The Ratings Game: Rivian stock falls more than 10% as Wall Street worries about ‘early bumps’

Rivian Automotive Inc. stock fell more than 10% on Friday after Wall Street cheered the electric-vehicle maker’s preorders and other indications of demand, but worried about the challenges ahead as the newly minted public company tries to ramp up production and sales amid supply-chain problems, a tight labor market and higher costs.

Rivian RIVN, -10.95% shares shed nearly 13% on Friday, putting them on track for their largest one-day percentage decline since Nov. 18, when they fell more than 15%.

The stock is down 5.5% from its close on Nov. 10, when it went public, and up 22% from its initial public offering price of $78.

Rivian late Thursday reported sales of around $1 million and an adjusted loss that was in line with Wall Street expectations.
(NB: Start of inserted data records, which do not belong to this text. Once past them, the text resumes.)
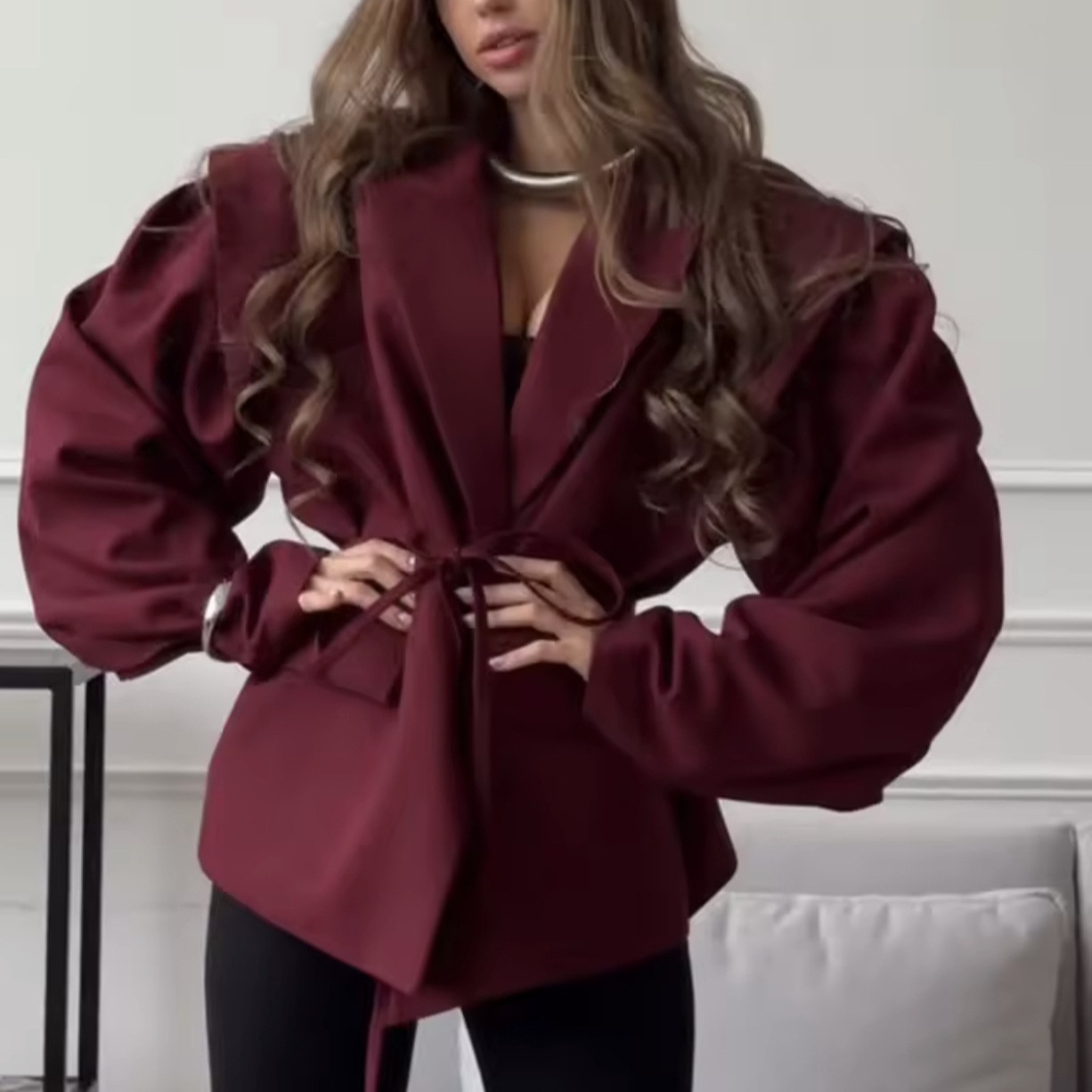 Grenzüberschreitende europäische und amerikanische Damenmode, beliebt auf , eleganter Pendlerstil, tailliert,_voghion.com
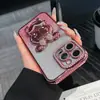 Adequado para Capa de Celular Novo Modelo Iphone17E com Suporte de Coelho e Decoração de Diamante, Capa Protetora de Luxo para Apple 16Pro, Feminina 1514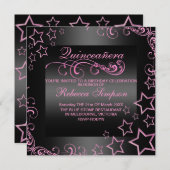 Rosa/schwarze Quinceñera Stern & Swirt laden ein Einladung (Vorne/Hinten)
It said its vehicle preorders hovered at 71,000, from around 48,000 in late September.

But it also spoke of snags along the way as it tries to ramp up production of three electric vehicles, a commercial delivery van, a pickup truck, and an SUV, amid supply and labor constraints. Someone placing an order for a Rivian EV today would have to wait until 2023 to get their hands on the car, the company said. The stock tanked after the third-quarter results.

Related: Tesla is bracing for a busy 2022 with new plants and the Cybertruck coming on line, but safety probes may rein in its stock

Demand was “strong” with orders accelerating but production is “hitting some early bumps,” Joseph Spak with RBC said in a note Friday.
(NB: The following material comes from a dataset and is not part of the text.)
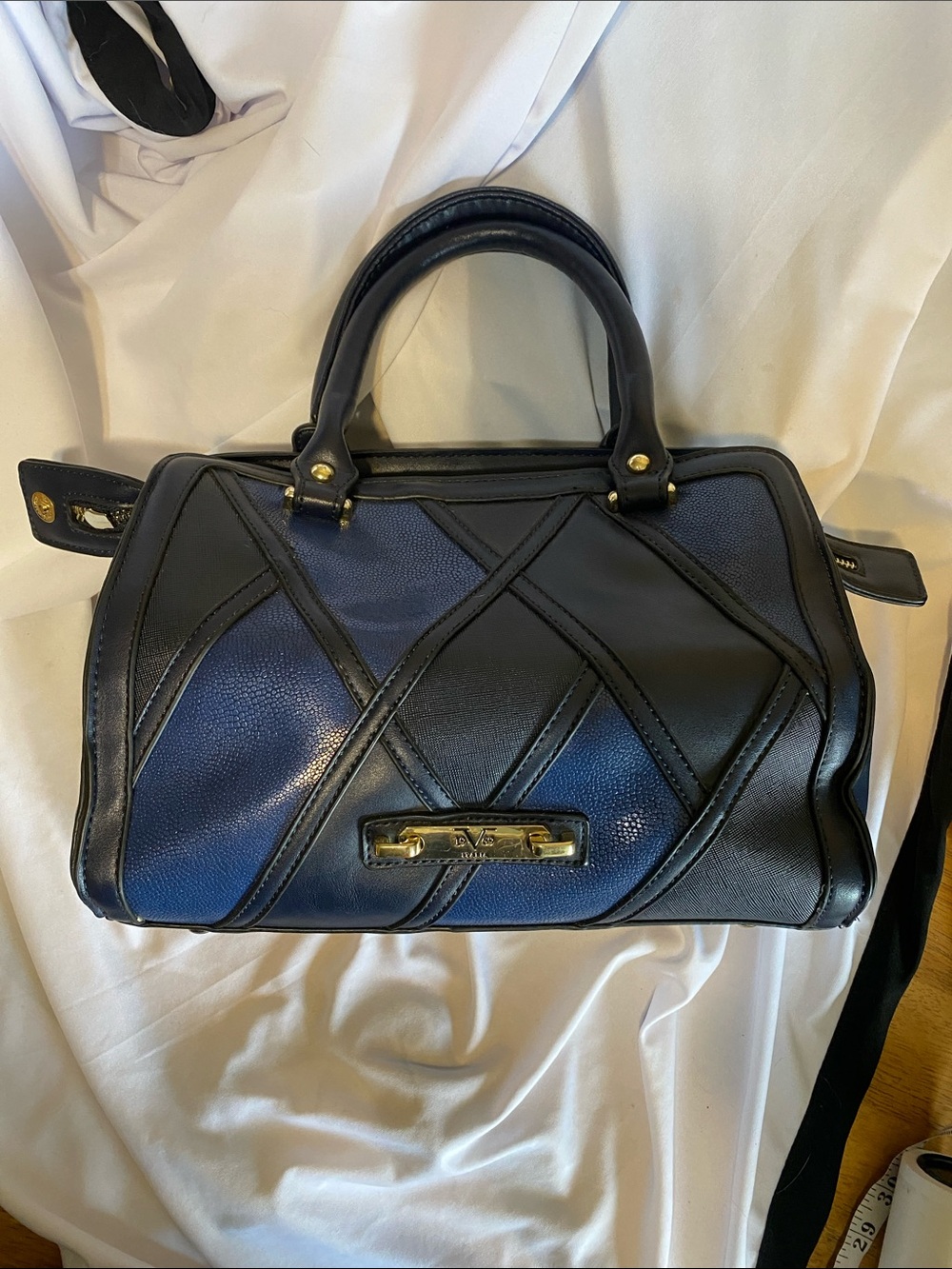 Versace 1969 Abbigliamento Sportivo SRL Black Navy pebbled patchwork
“We don’t believe this impacts the medium-term investment case, but it does highlight that (Rivian) has a lot on its plate,” he said. RBC remains “positive” on the company and “investors with patience should take advantage of pullback,” Spak said.
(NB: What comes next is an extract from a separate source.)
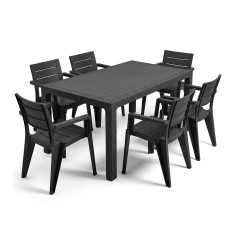 Set de mobilier de grădină Palmer 6+1 grafit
See also: More electric pickup trucks are coming to market. The question now is who will buy them?

Rivian appears to have set its sights “on being a very large auto/transportation
platform company. Perhaps even larger than we have anticipated,” Adam Jonas at Morgan Stanley said in his note. Investors would do well in keeping “expectations on ramp and production well managed for the next 12 months at least,” he said.

Rivian’s “operational challenges” weren’t surprising, Goldman Sachs’ analyst Mark Delaney said. The EV maker “is making progress, and we believe there is an experienced team that will help Rivian to be successful long-term,” he said.

The “momentum” for Rivian’ vehicle reservations in just six weeks is “very encouraging,” Emmanuel Rosner at Deutsche Bank said.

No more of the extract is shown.